Keep the fun in hunting!


----------



## mike hartges (Jun 9, 2003)

Thanks for your input guys. Another reason I mow is because of the nice bucks that are attracted to my property from the smell of the freshly mowed clover. Ed, one more note: last year I sprayed 1/2 of my clover field with Roundup in early May. This year, that section of the clover field had hardly any dandelions in it where the rest of the field had lots of them. Of course we had adequate rainfall after I sprayed the Roundup. Thanks for all the tips.


----------



## bishs (Aug 30, 2000)

I wonder why I even plant clover. The brothers that owned my land, used it as a berry farm. My guess is that they grew a lot of clover also. Every time I disturb or cut an area, it fills with clover. I have a 1/2 acre field that I sprayed with roundup last year, later I noticed clover coming up all over, so I left it alone. Now I have a lush field of white and aslike clover. Two years ago I had a 20 foot wide, 9 feet deep by 700 foot dike dug for fill dirt. I left a couple access lanes across the dike, to funnel deer, and tractor access. I was concerned about erosion on the banks, but not anymore, the clover has grown all the way down the banks to the water edge.


----------



## answerguy8 (Oct 15, 2001)

I'm finding that same thing happening on my 'farm'. Whenever I move dirt around clover comes up like gang busters. Anything special I should do with this?


----------



## mike hartges (Jun 9, 2003)

I have found that certain areas on our property are naturals for growing clover. One spot that I used to brush hog has been mowed with the Craftsman riding mower the past 2 years(courtesy of my wife) and the clover has taken over. The deer are very attracted to this spot.


----------



## Guest (May 25, 2004)

Ah yes; clover, clover everwhere but not a seed did I plant. If your soil is acceptable, just driving your car through a field will suppress the grass and up pops clover. Mowing works great as does spraying a contact herbicide. 
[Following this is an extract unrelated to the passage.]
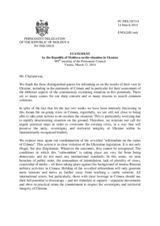 Statement by the Delegation of Moldova on the situation in Ukraine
You have heard it here from me and others, that a good clover plot can be maintained forever without an ounce of tillage. Let it set seed and mature. The seeds may lay dormant for years and when conditions or a disturbance minimizes the competition up pops the clover. The winds also play a major role in distributing the seeds, 

You would think that clover would grow forever in a cow pasture, but it dosen't, for cattle will not let it grow to seed. After several years of eliminating the clover seed making process, the clover disappears. Michigan State started the begining of frost seeding red clover in worn out pastures to replenish the clover content many years ago. Thanks to our agricultural colleges for the knowledge they have given us.

Keep the fun in hunting!


----------